(Provided data):
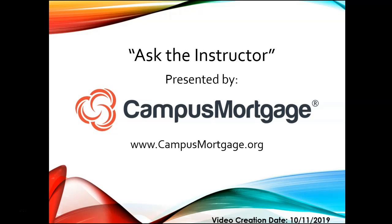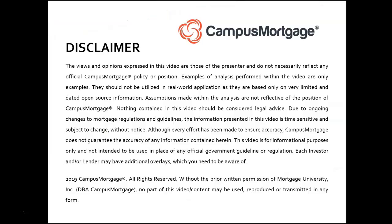Hello everyone and welcome back to Ask the Instructor, presented by Campus Mortgage.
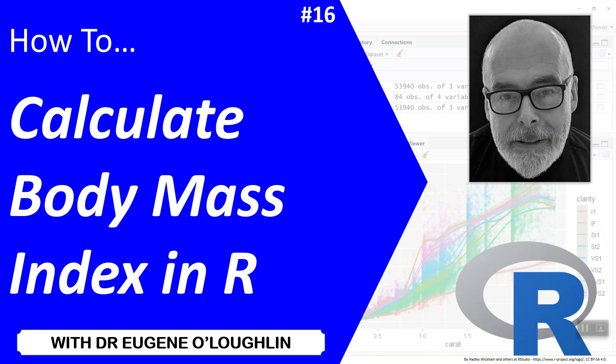Hi everybody, this is Eugene O'Loughlin and welcome to my series of short how-to videos. In this video we're going to learn how to calculate body mass index in R.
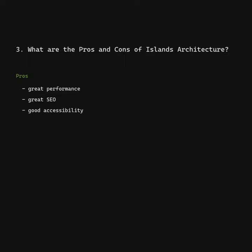What are the pros and cons of islands architecture? Pros: great performance, great SEO, good accessibility, and the ability to defer loading and hydration of unimportant parts of the page.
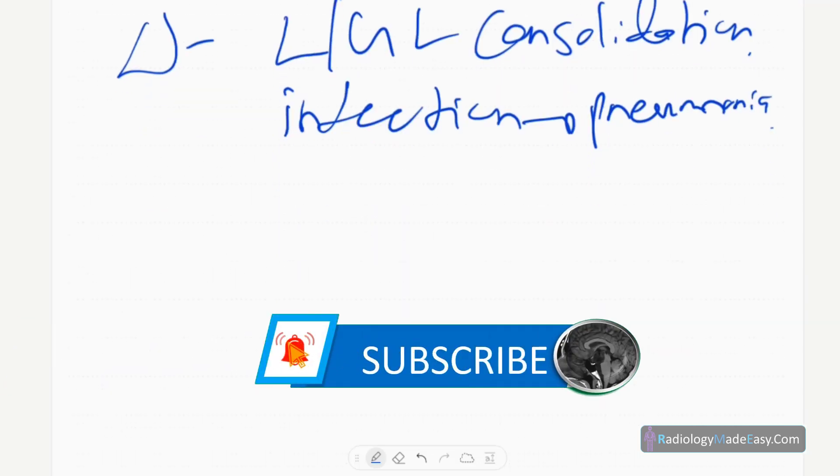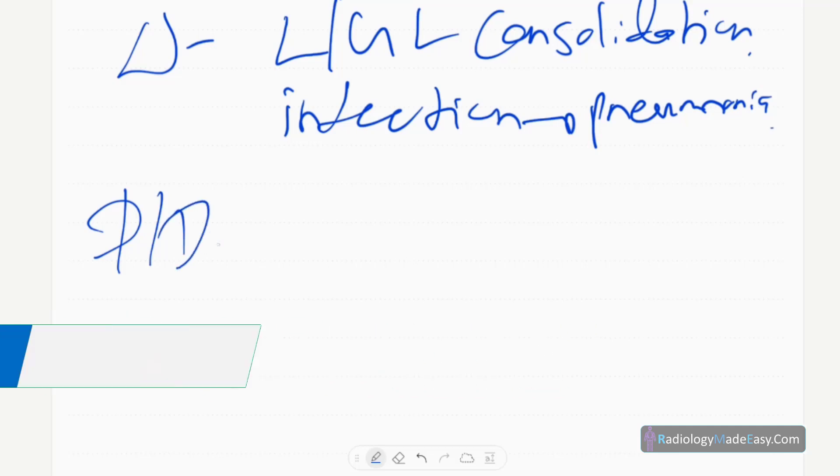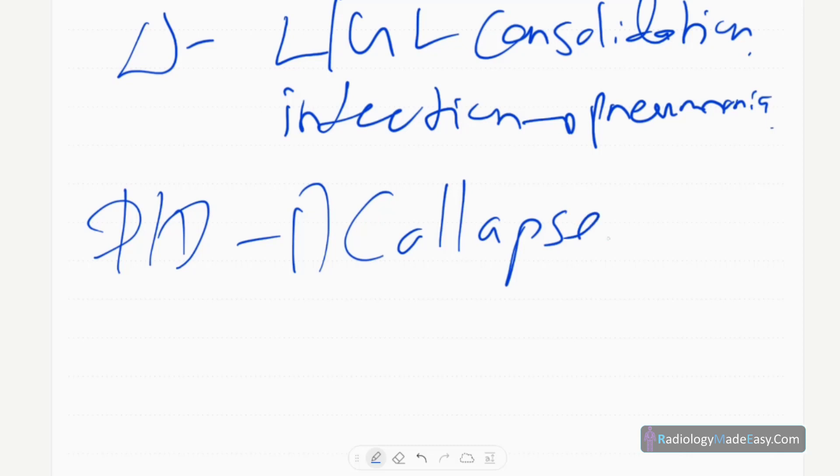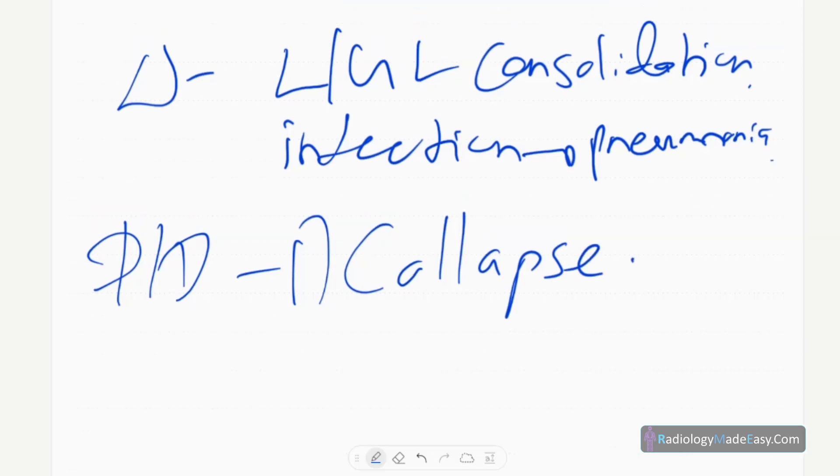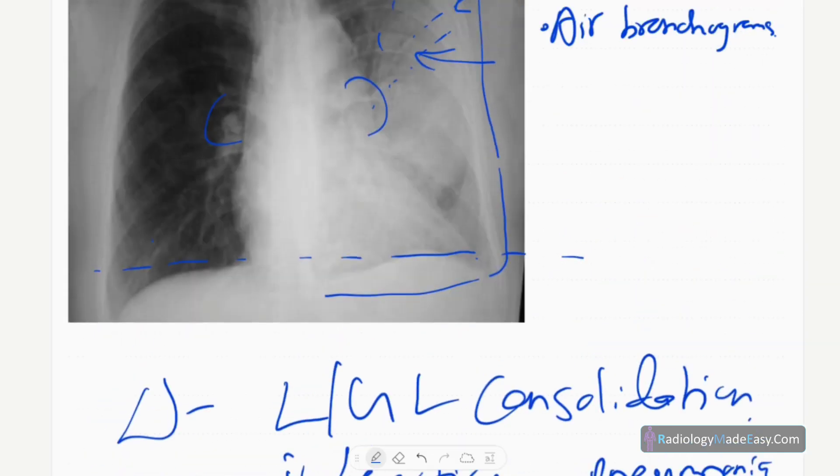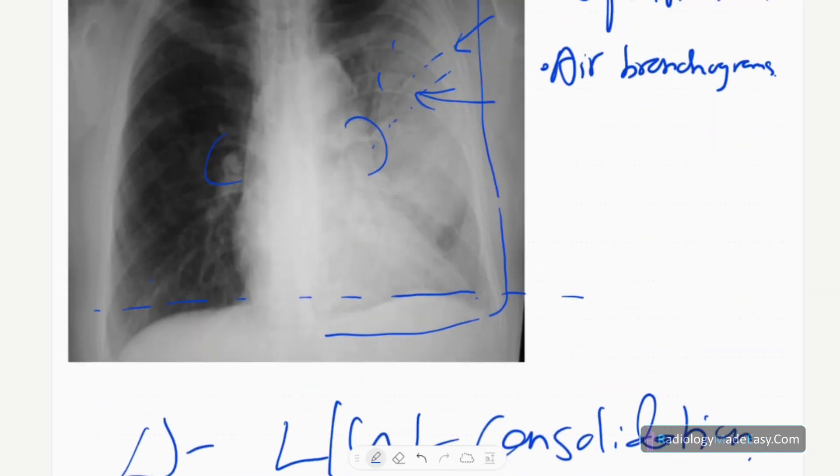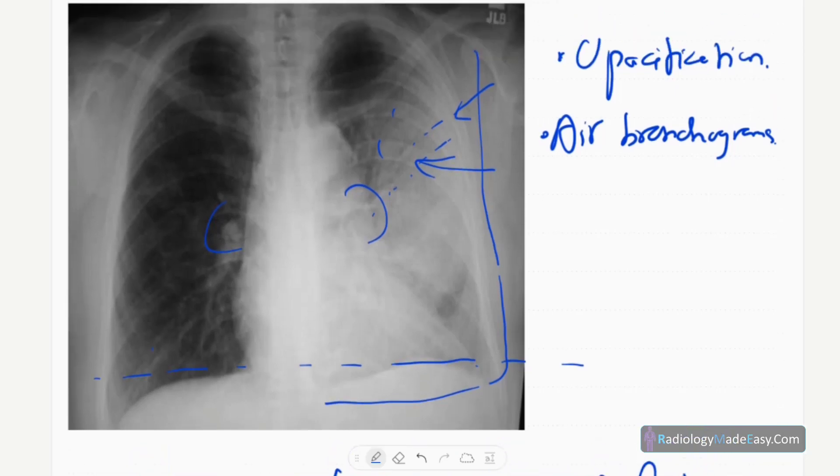The differential diagnosis for these appearances: one is lung collapse. In lung collapse, there's volume loss, usually mediastinal shift to the same side. In consolidations, there's no volume loss.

(About this task): Print each line of the material above exactly, with the pictures removed from your copy.

(Answer to this task):
Hello everyone and welcome back to Ask the Instructor, presented by Campus Mortgage.
Hi everybody, this is Eugene O'Loughlin and welcome to my series of short how-to videos. In this video we're going to learn how to calculate body mass index in R.
What are the pros and cons of islands architecture? Pros: great performance, great SEO, good accessibility, and the ability to defer loading and hydration of unimportant parts of the page.
The differential diagnosis for these appearances: one is lung collapse. In lung collapse, there's volume loss, usually mediastinal shift to the same side. In consolidations, there's no volume loss.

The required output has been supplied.